About 160 people spilled out of the Hazelwood North hall to hear Chunxing Corporation’s plans for a Used Lead Acid Battery recycling plant on Fourth Road.
At times tensions ran high as people raised a diversity of opinions over the project with concerns over potential lead emissions, pollution controls, health outcomes and jobs.
Attendees included project opponents members of the Hazelwood North Action Group, local community groups, as well as local councillors and people in favour of the plant.
A couple of community members questioned the company’s social licence to establish the plant in Hazelwood North, given the amount of community opposition.
“I think it’s overwhelming by the amount of people here that the company is not welcome,” one person said.

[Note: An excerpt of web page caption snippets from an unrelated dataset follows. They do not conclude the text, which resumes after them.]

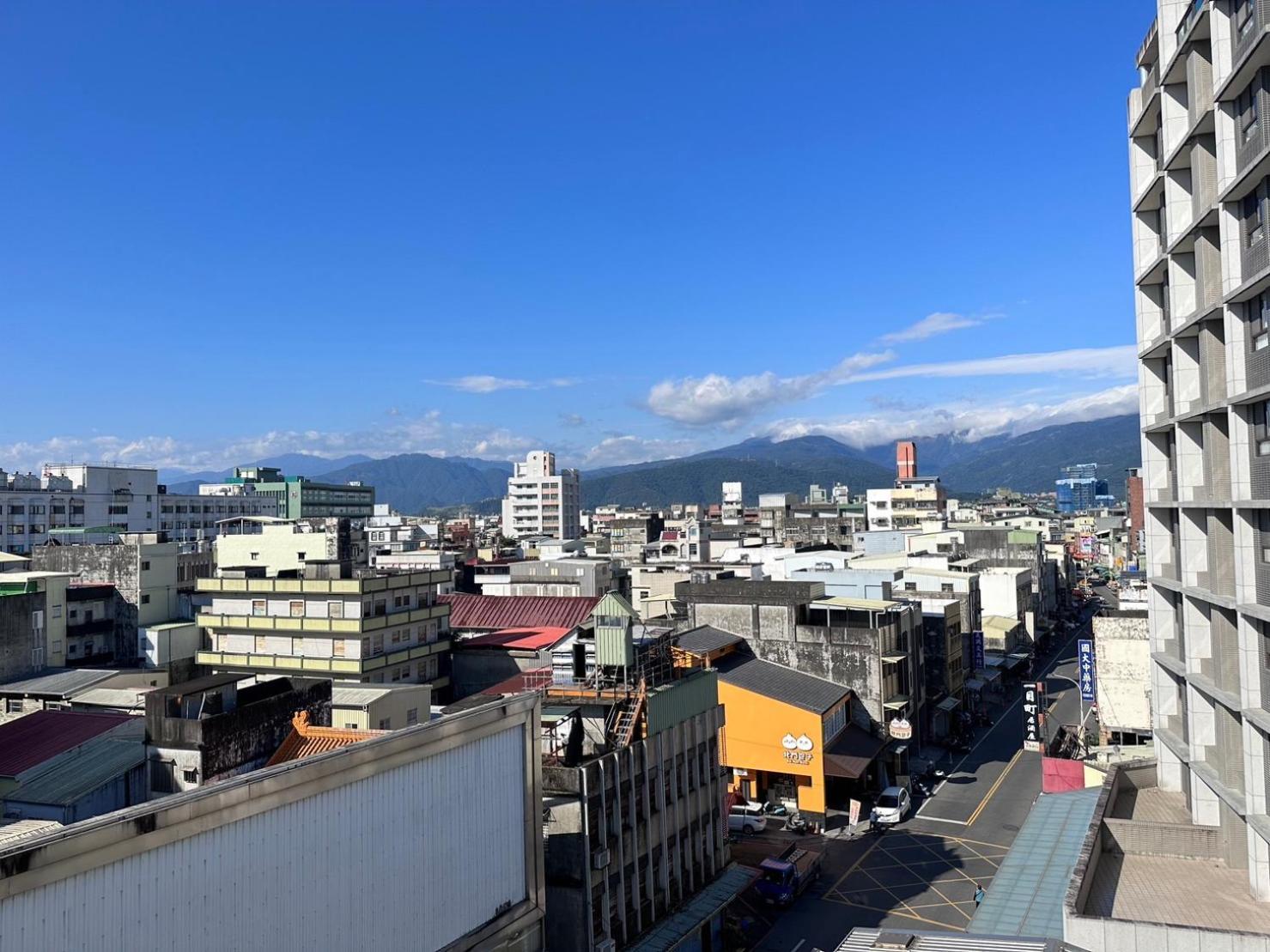 可青大飯店grand Ke-Cing Hotel Yilan Εξωτερικό φωτογραφία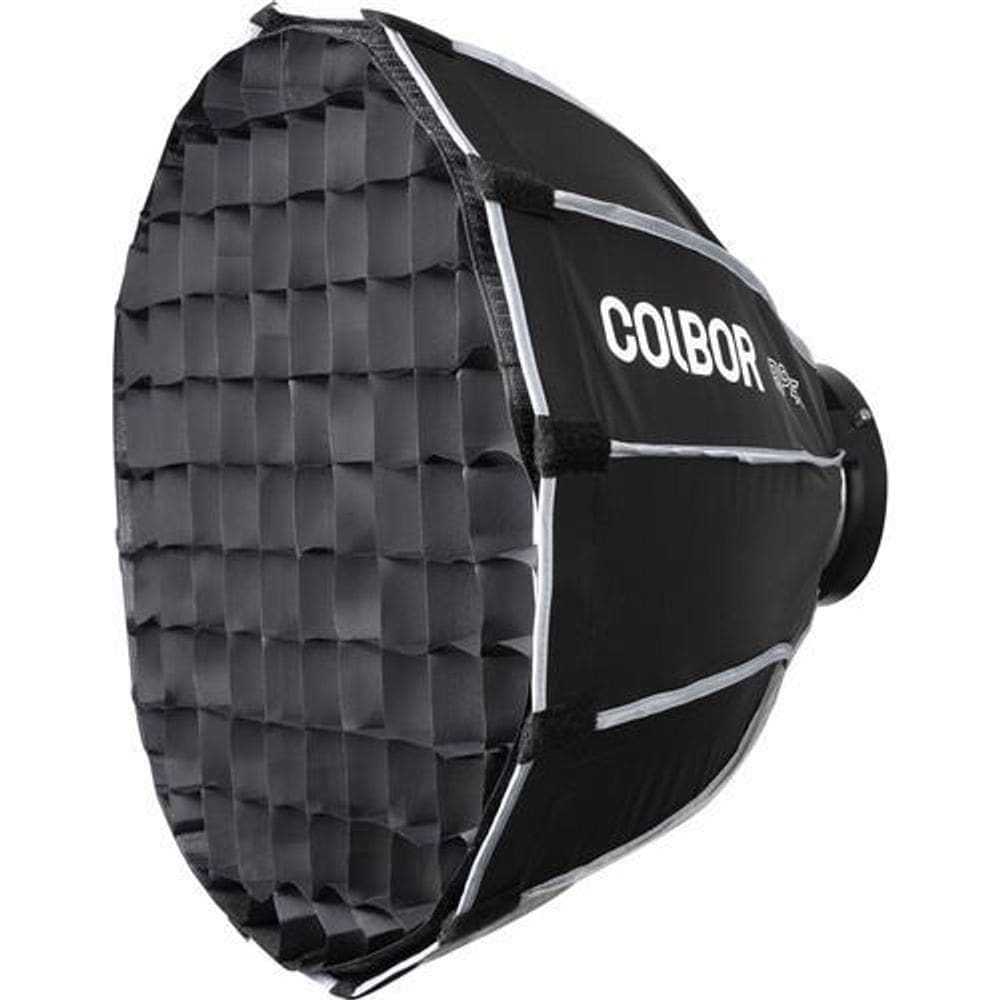 Colbor Softbox Com Grid E Montagem Bowens  45 Cm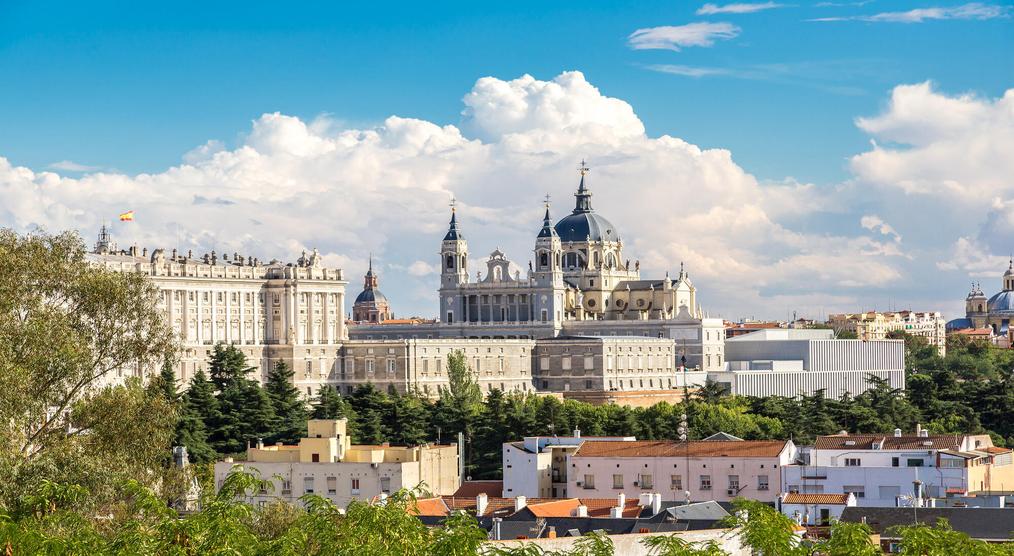 Madrid in Spanien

Environmental consultant Geoff Latimer ran through a series of responses to concerns by the action group, as well as giving a general outline of the project.
“I’d like these sorts of discussions people have to be a little less emotional but I also understand there will be those who don’t want it,” Mr Latimer said.
“I ask people to assess the facts and evidence, and if from there they are not comfortable they are within their right to express this through the EPA process.”
Mr Latimer rejected what he called “claims” made by the action group over lead poisoning, the style of technology being proposed and buffer zones.
“I’ve said throughout this that emissions will be low, I’d like to say that emissions will be zero, but science doesn’t work in zeros, there are always numbers,” he said.
“It’s my job to make sense of these numbers and compare them to health-based standards.”
Mr Latimer reiterated emissions would be well below EPA exemptions levels, and lead levels would be 17-times less than at another ULAB plant in Wagga Wagga which had been given recent regulatory approvals to expand.
Chunxing Corporation chief executive Lakshman Jayaweera was also at the meeting said the company was committed to ongoing consultation, including the potential to establish a community committee to work alongside the company to monitor and guide operations.
Voices of the Valley convenor Wendy Farmer was at the forum and acknowledged the diversity of views being represented, but said she was “sitting on the fence”.
“I still need more information, there are still concerns with what I’ve seen and heard,” Ms Farmer said.
“We need more information about the scientific evidence. It may be mow emissions, but how do these emissions sit with the emissions already being produced in the Latrobe Valley?”